LSAT numbers have seen modest single-digit gains in the last two testing years, following a five-year decline in which the number of LSAT test-takers dropped by nearly 41 percent.
The trend upward is seen as welcome news for law schools — and the profession — since a bigger pool gives schools better odds for admitting more qualified applicants.
In September, 37,100 people took the LSAT, a 10.7 percent increase over September 2016. And in June, 27,600 people took the LSAT, a 19.8 jump compared with June 2016. The number of people registering for the December LSAT is also up nearly 20 percent compared with last year, said Kellye Testy, president and CEO of the Law School Admission Council Inc., which develops the LSAT.
Law school enrollment has followed the same path as the LSAT numbers, with steady declines for years that have recently stabilized and seen a minor uptick, noted Paul Caron, dean of Pepperdine University School of Law in California and author of the TaxProf Blog.

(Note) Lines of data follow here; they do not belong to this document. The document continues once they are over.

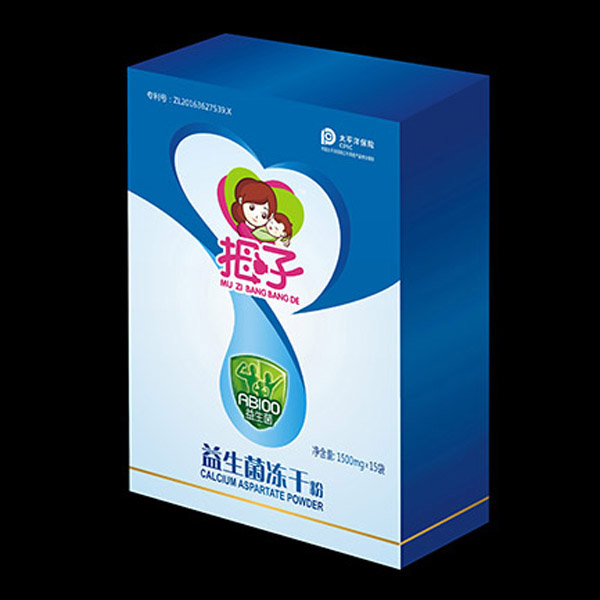  Ĵ�����������ɷ�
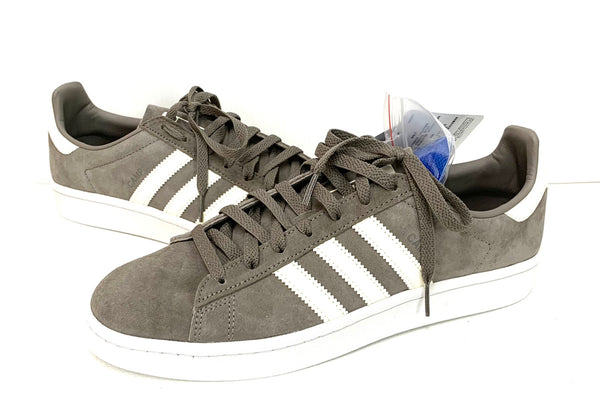 アディダス adidas キャンパス CAMPUS BD7473 メンズ靴 スニーカー ロゴ ブラウン 201-shoes232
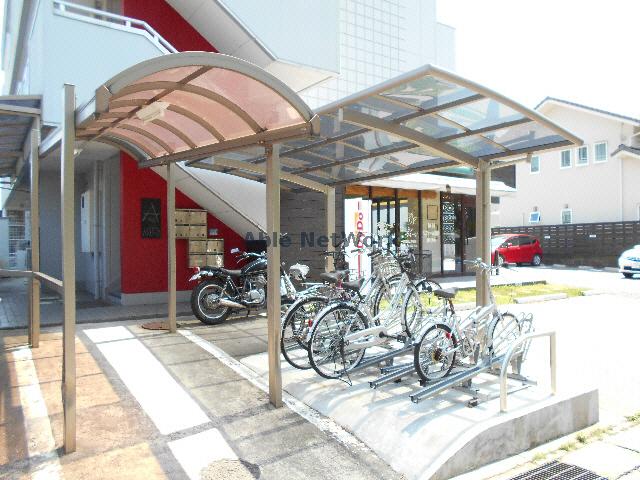 AXIS—7_その他_4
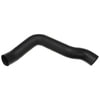 24750 by GATES - Premium Molded Coolant Hose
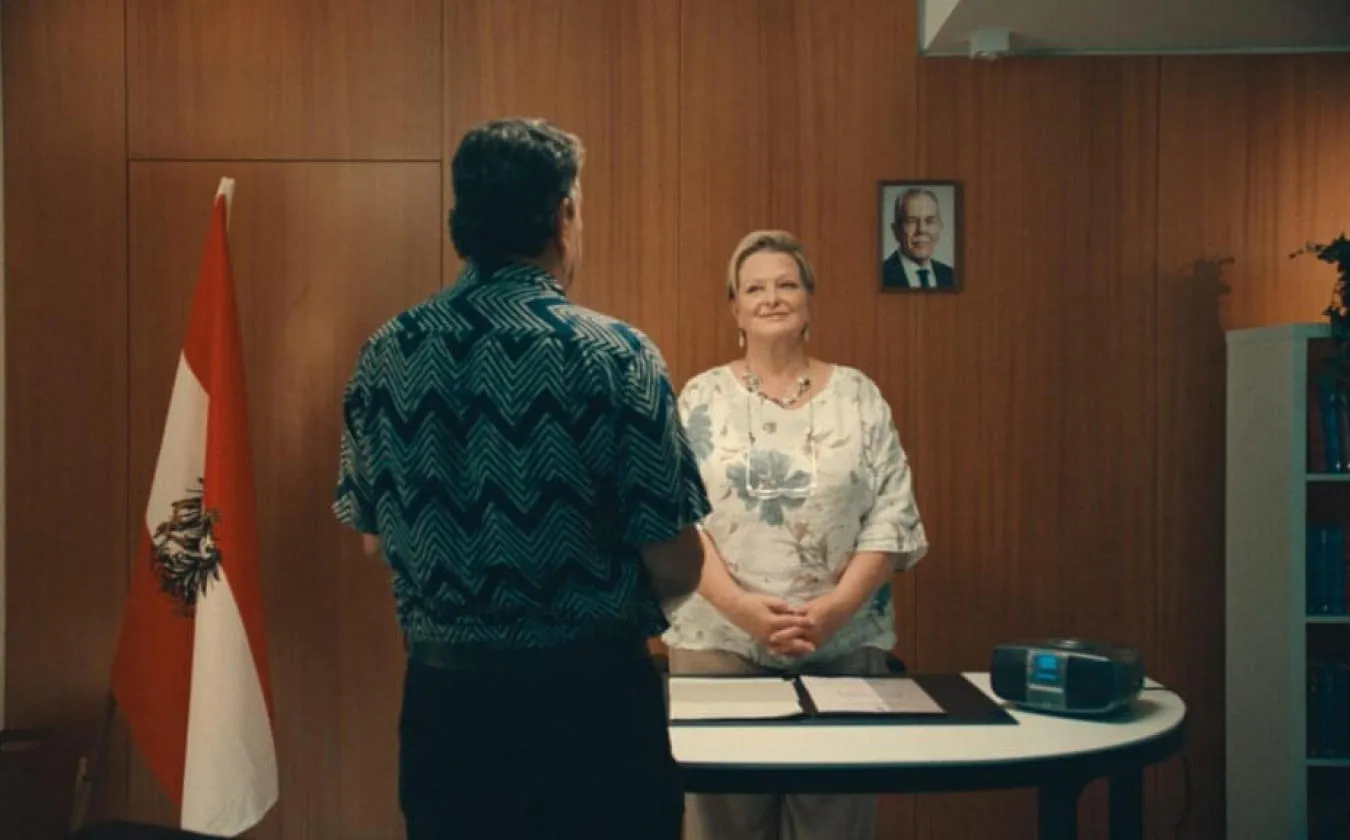 Kino-Monoplexx-Noch-lange-keine-Lipizzaner Kino-Monoplexx-Noch-lange-keine-Lipizzaner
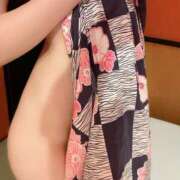 ヒメ日記 2025/05/28 20:36 投稿 らんな姫 螢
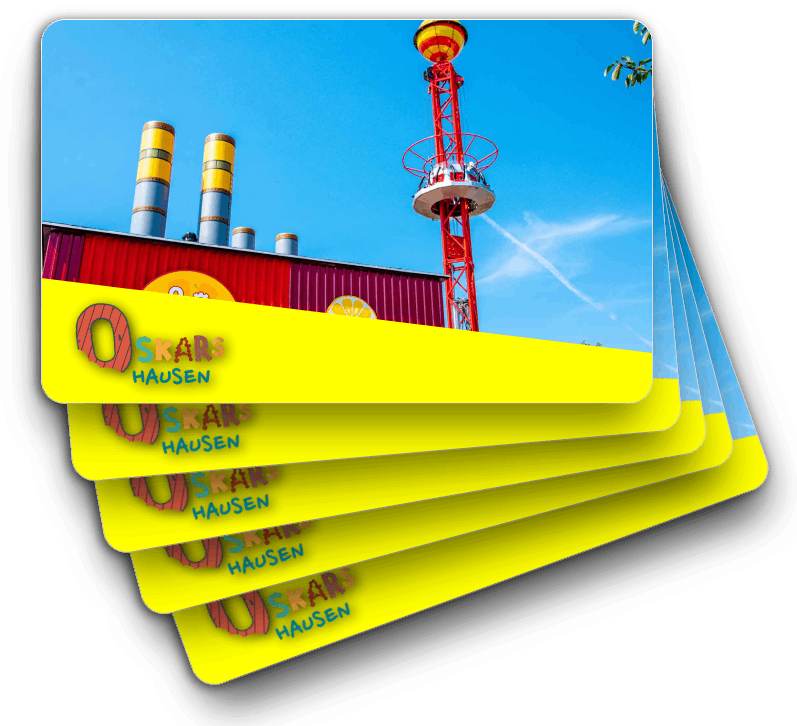 Dieses Bild zeigt einen Preis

And with the increase comes more selectivity from law schools.
“If the total numbers go up, there will be more of those higher-performing students in the applicant pool, so that’s what law schools are hoping to reach,” Caron said. “I would suspect a smaller increase in enrollments than there are in test-takers. Law schools will return to being more selective.”

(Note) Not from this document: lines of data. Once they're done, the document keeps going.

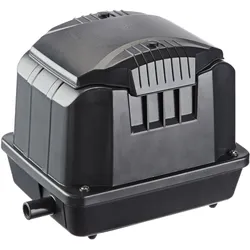 Pontec Teichbelüfter PondoAir Set 3600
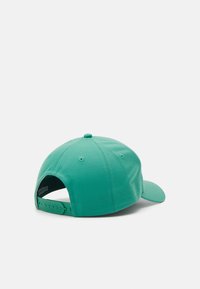 Calvin Klein Jeans MONO LOGO UNISEX - Naģene - bahama green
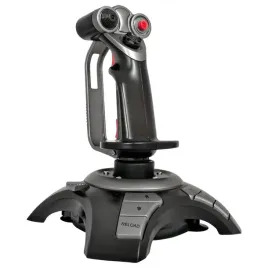 xtreme-videogames-joystick-cobra-12-keys-game-pad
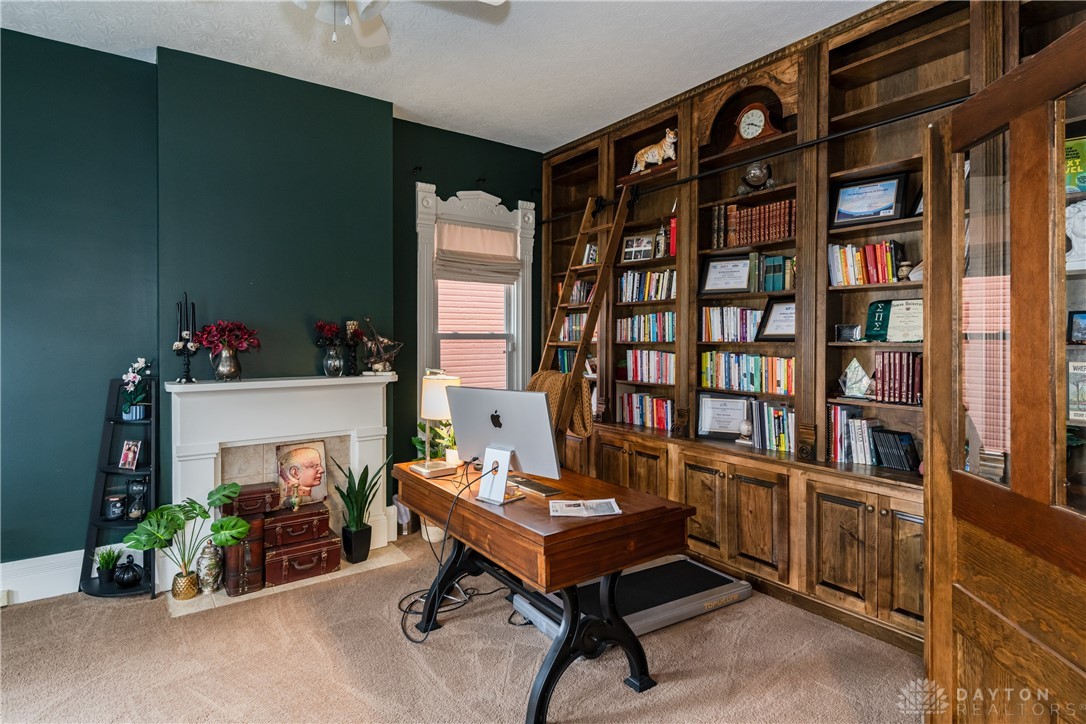 38 Ringgold Street, Dayton, Ohio image 4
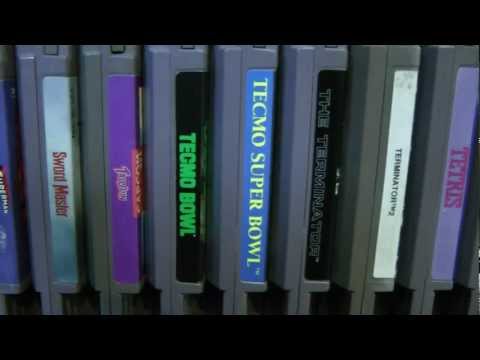 nes - be sure to watch it all the way through.......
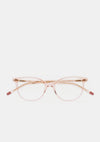 Goodway Crystal Nude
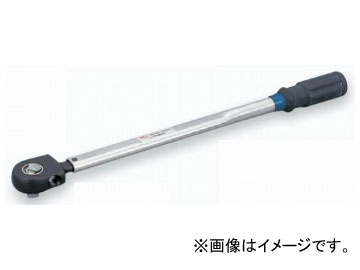 ȥ/TONE 12.7mm1/2ɡ ץ쥻åȷȥ륯ʥåۡɵա ֡T4LN200H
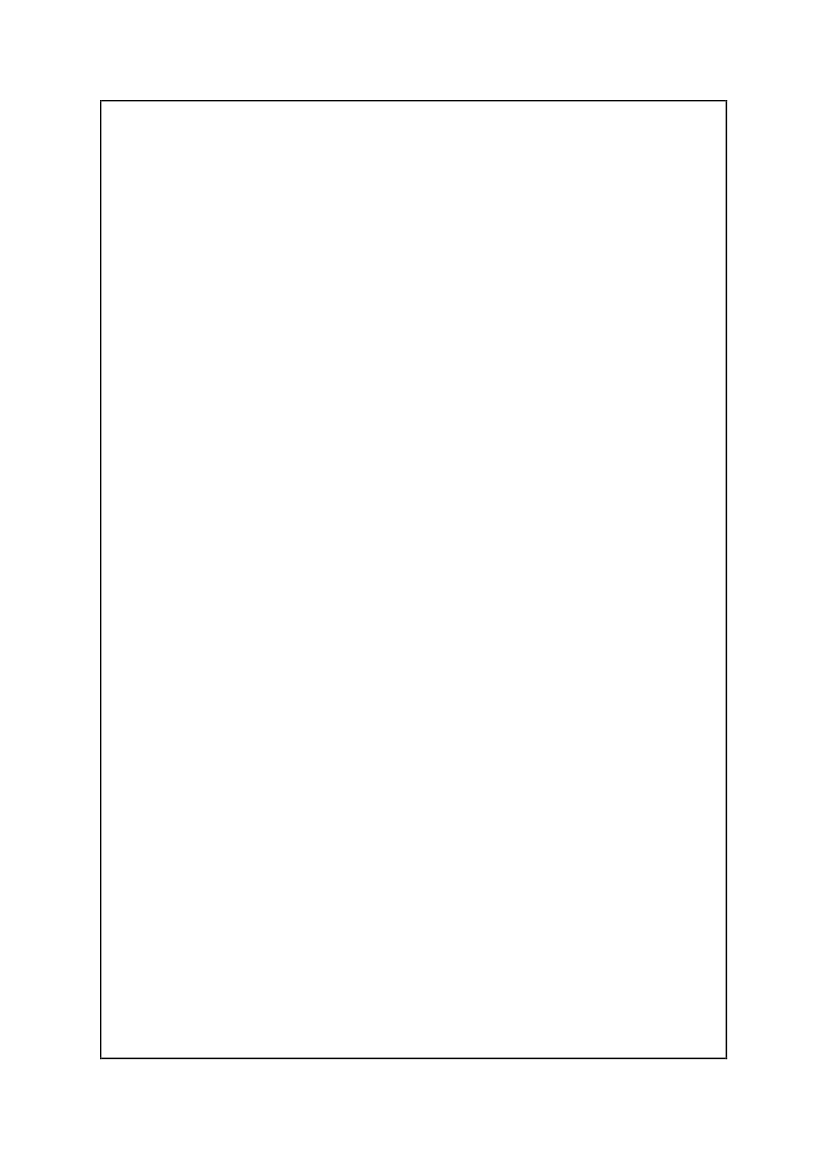 3048137_0023.png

June was the first administration of the test since the admission council lifted a cap on the number of times someone can take the LSAT. Previously, test-takers couldn’t sit for the test more than three times during a two-year period. Now it’s unlimited.
Both Caron and Lars Smith, interim dean of the University of Louisville Louis D. Brandeis School of Law, said that they and other law deans have wondered if this year’s increasing LSAT numbers reflect more people re-taking the LSAT, rather than first-time test-takers. ... Testy said that the increases are roughly equal between new test-takers and repeaters.
LSAT data shows there’s a very slight upward trend in the number of repeaters since the rule change went into effect. During this June’s test, 25.5 percent of the test-takers were repeaters, compared to the June 2016 test’s 24.2 percent of repeaters. That’s only a 1.3-point year-over-year increase in the number of June repeaters. ...
It also remains to be seen if LSAT numbers will ever climb to past levels again, given that more law schools are accepting the Graduate Record Examinations as an alternative to the LSAT. ... “I think there’s a bit of renewed spirit in the United States of young people wanting to work for justice, and law school providing that pathway,” [Testy] said. ... Some people have called it a Trump bump. ...
Caron has one more guess for the increases in LSAT test-takers.
“Those five years of declines — I think that was exacerbated by the very negative press that law schools were getting from The New York Times on down. They were doing negative story after negative story on law schools,” Caron said. “Those stories have petered out now.”